» **TO DO**
Could you transcribe all of the data exactly and skip any pictures?

» **INPUT DATA**
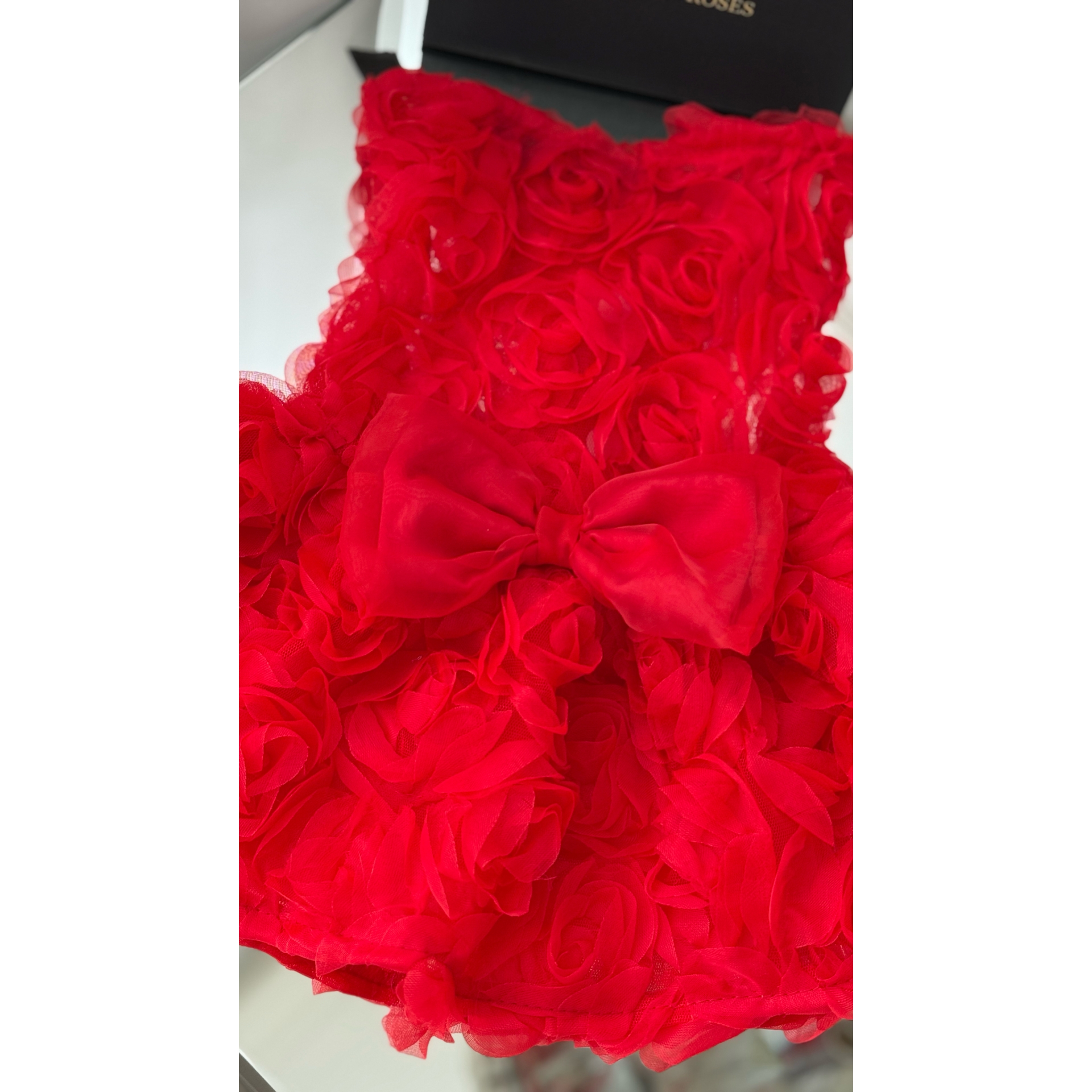 Rochie rosie cu trandafiri 3D pentru catei si pisici L-XL-XXL-XXXL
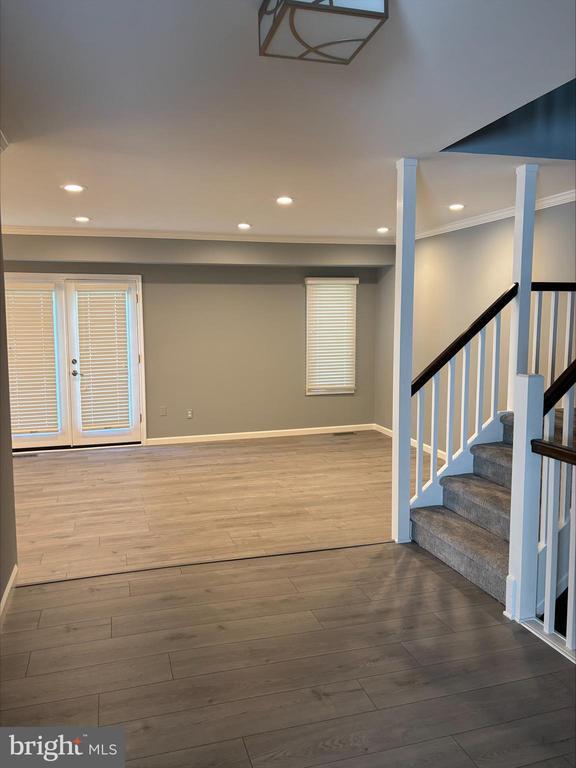 Building Photo - 87 Amity Dr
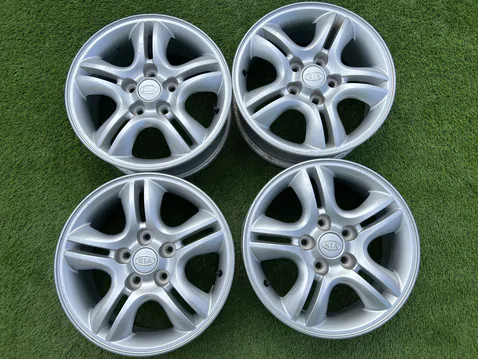 5x114.3 16" Kia gyári alufelni 6,5Jx16h2 ET41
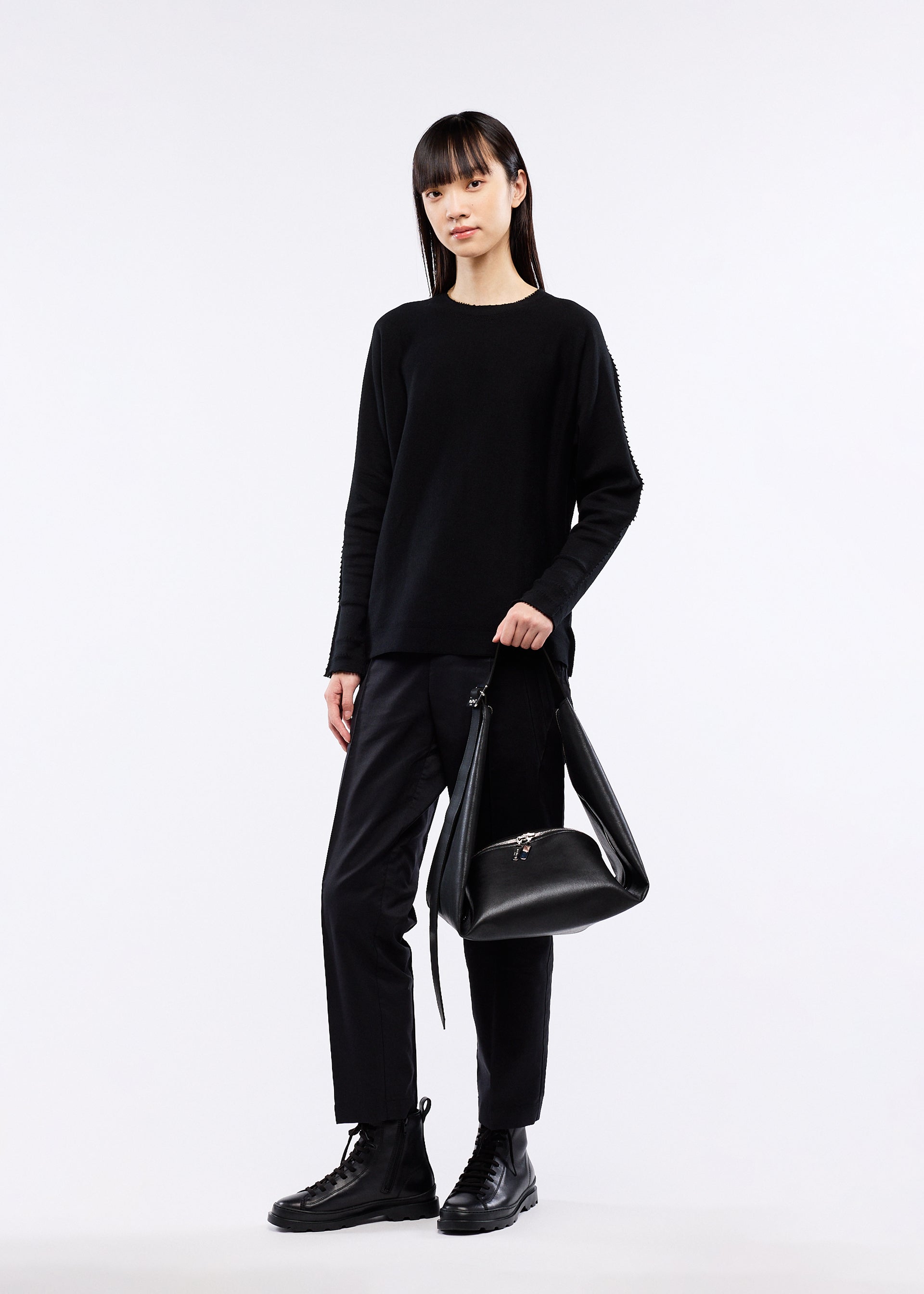 LEAF、バッグ&財布_ショルダーバッグ、着用画像1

» **SOLUTION FOR THIS EXERCISE**
 Rochie rosie cu trandafiri 3D pentru catei si pisici L-XL-XXL-XXXL
 Building Photo - 87 Amity Dr
 5x114.3 16" Kia gyári alufelni 6,5Jx16h2 ET41
 LEAF、バッグ&財布_ショルダーバッグ、着用画像1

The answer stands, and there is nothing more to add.